Types of Blog Comment Spam

Now let's take a look at three common types of blog comment spam you might come across, how you can tell them apart from legitimate comments (it's not always easy), and how you can prevent them from going live on your freelance writer blog.

Automated Blog Comment Spam

This type of spam makes up most of the spam comments I get on my blogs. They can be one of the more problematic types (and they can be combined with other types listed below). But they're also one of the easiest to prevent.

Automated blog comment spam is when someone uses a spam bot to automatically post a lot of comments on blogs. This can mean posting a lot of comments all at once on a single blog. Or it can be mass-posting a single comment on many blogs (meaning you might only see one from them).

How to Identify this Kind of Blog Comment Spam

Spam bots are often used to mass-post short, generic, or copy/paste comments, so those are red flags to look for.

For example, "Great post!" is a comment that has absolutely no value. Spammers post comments like those not to flatter you (they don't give a rat's furry little behind about your blog and have never read it). They do it to get a link for an approved comment. This is the most common type of spam comment I see people respond to. Don't fall for ego-bait. If they really think highly of your post and want to bother commenting, they'll add to the conversation.

You'll also see generic comments come through. This can happen when unethical SEO folks try automating semi-relevant comments. So they might try to comment on this blog with a general tip or quote about freelancing or writing, but it's not relevant to the individual post.

Other generic spam comments are in line with the "great post!" short comments, but they say more. This is becoming increasingly popular, where spammers praise a post without actually saying anything about the comment. Again, it's just ego-bait. Even if you fall for these once, you'll learn to identify them quickly as they use very similar templates. For example, one sitting in my spam folder here right now is:

It's hard to find knowledgeable people on this topic, but you sound like you know what you're talking about! Thanks

That's a spam comment. They posted it multiple times, so it was easy to spot. But the generic nature alone means it adds no value and doesn't belong on my blog. They likely posted this to dozens or hundreds of blogs at once. If you're unsure, Google the comment's text (in quotes) and see if it shows up on a lot of other sites. The one above does.

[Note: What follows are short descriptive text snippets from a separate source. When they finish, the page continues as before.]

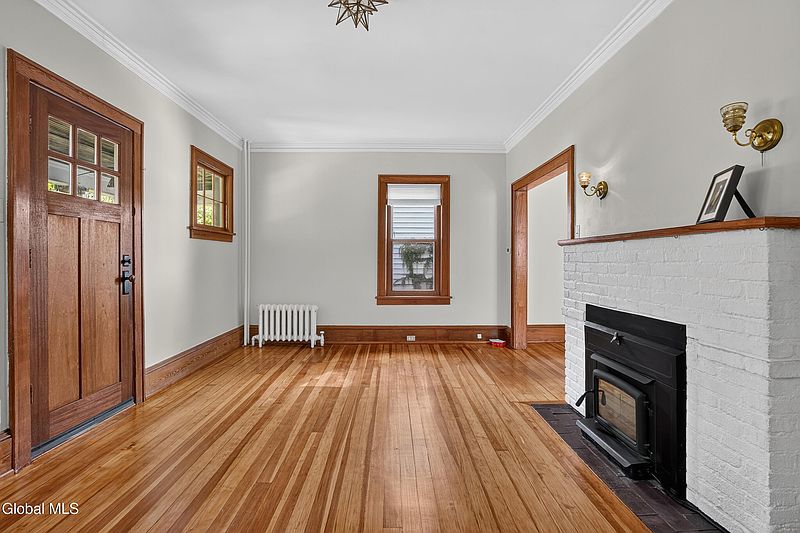 5th image of 111 S Allen Street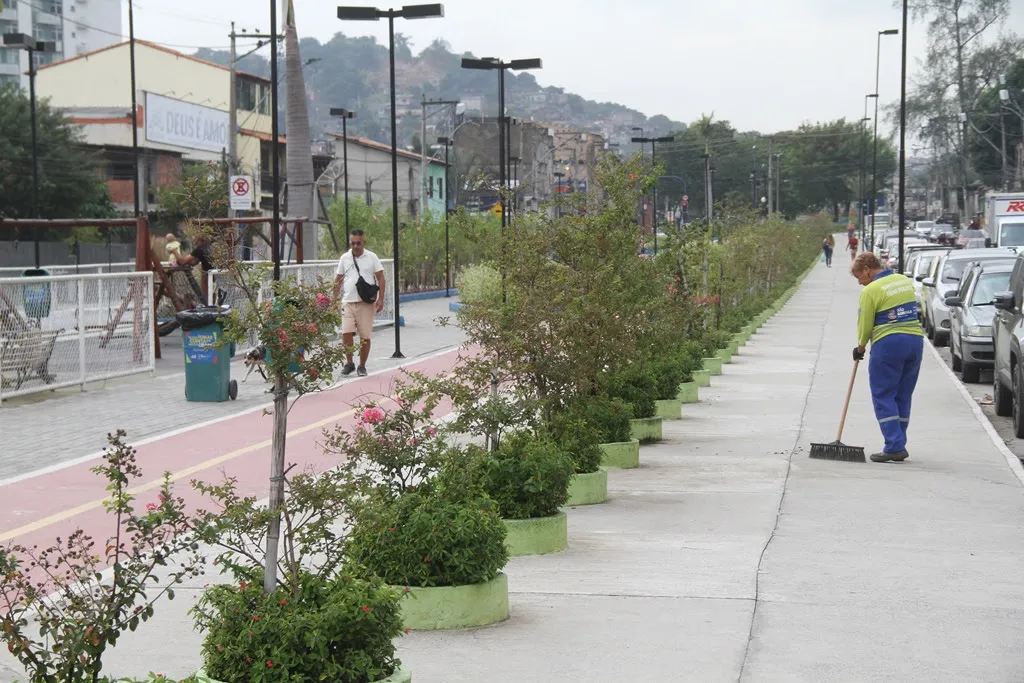 Revitalizada pelo programa Praça Renovada em março de 2023, a área de lazer possui canteiros central e lateral formando um boulevard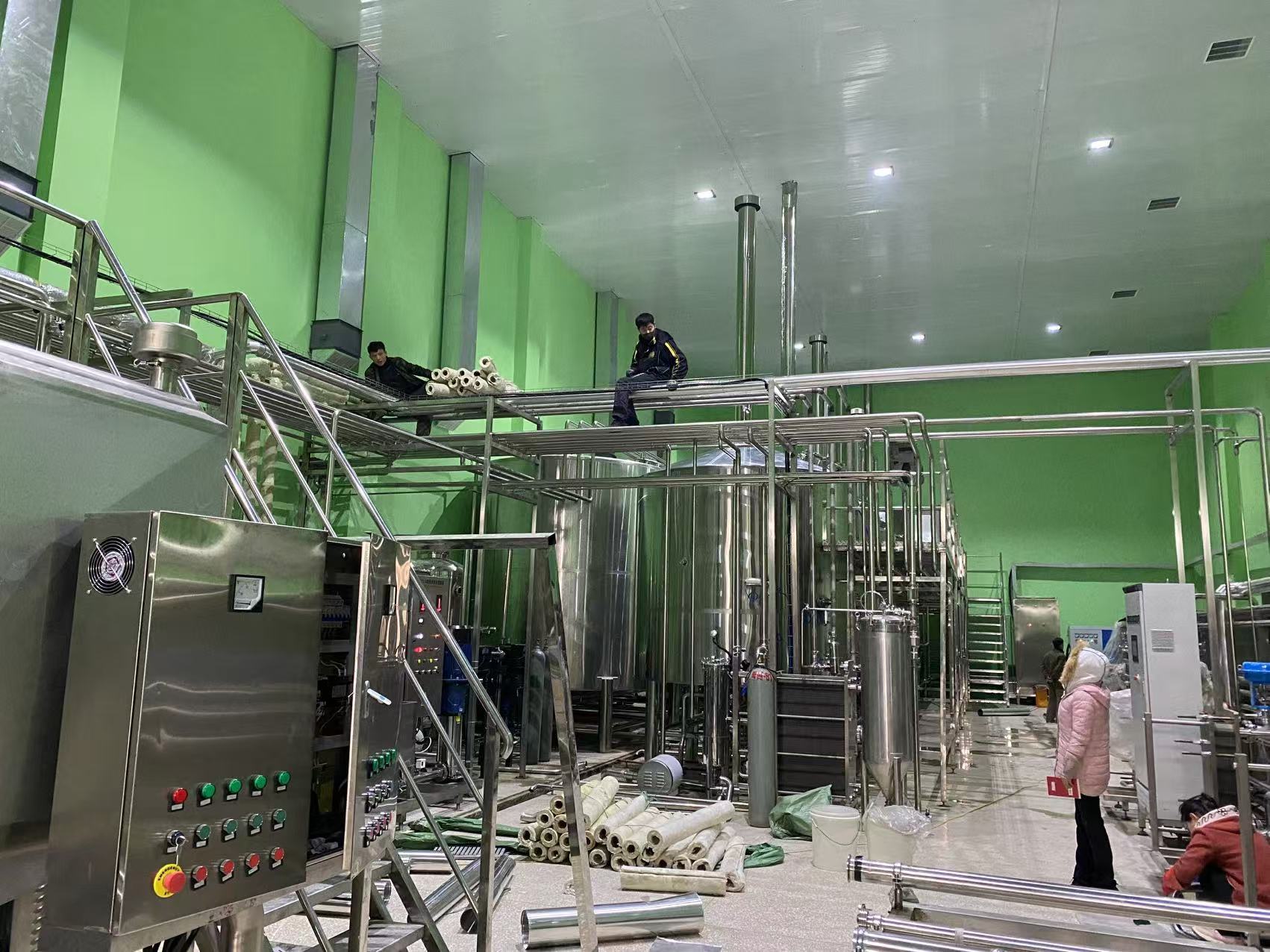 下冶镇精酿啤酒设备厂—精酿啤酒设备制造:传承工艺与创新科技的交融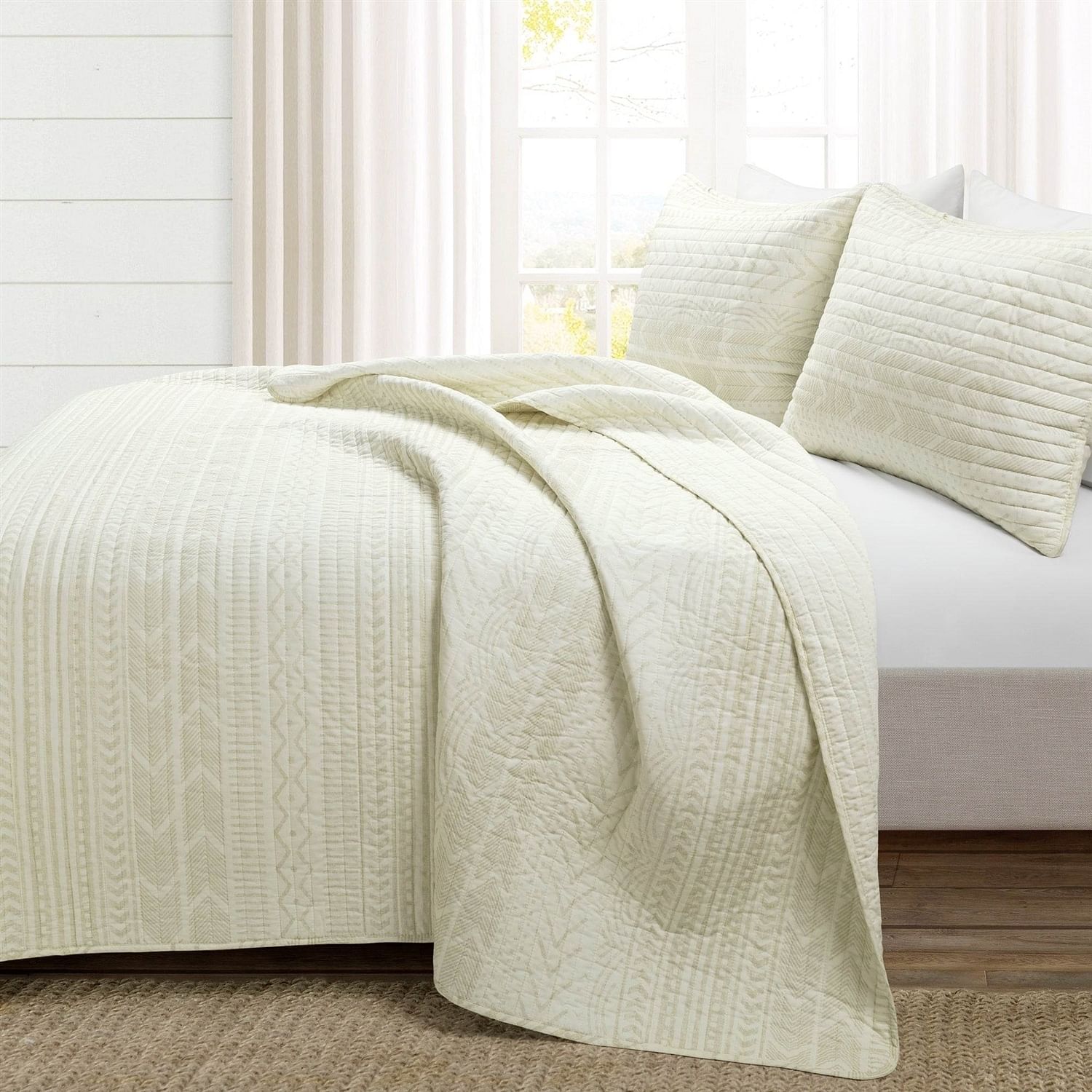 King size Scandinavian Chevron Ivory Reversible Cotton Quilt Set - Free Shipping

I also mentioned copy-paste comments. These are when spam bots try to make comments look relevant by literally copy-pasting a paragraph from your post into a comment form. So if a comment sounds oddly familiar, that's often why.

What's the point of these mass-comments? It's usually about links. While you might filter comments before approving them, not everyone does. So spammers target a large number of blogs hoping at least some of those links go live immediately and stay on poorly-maintained blogs.

How to Prevent this Kind of Blog Comment Spam

One option for dealing with automated blog comment spam is to use a captcha -- making people type what they see in a picture or having them do a math problem.

But the best way I've found to counter this kind of spam comment is by using a honeypot plugin. What this does is put an invisible field in your comment form. It can be set so the comment is never sent or is marked as spam if the commenter fills out that field.

Legitimate commenters never see that field. So their comments go through, and they don't have to worry about things like captchas.

Bots try to automatically fill out all fields they see, and they see the field in your site's code even though it's visually hidden from your readers. When they fill it out, their comment is rejected.

The best plugin I've used for this, and the main spam plugin I use on most of my blogs, is Anti-Spam.

Malicious Blog Comment Spam

I'm not talking about "mean" comments that you don't like here. When I say "malicious" I mean the spam comments will contain malicious links.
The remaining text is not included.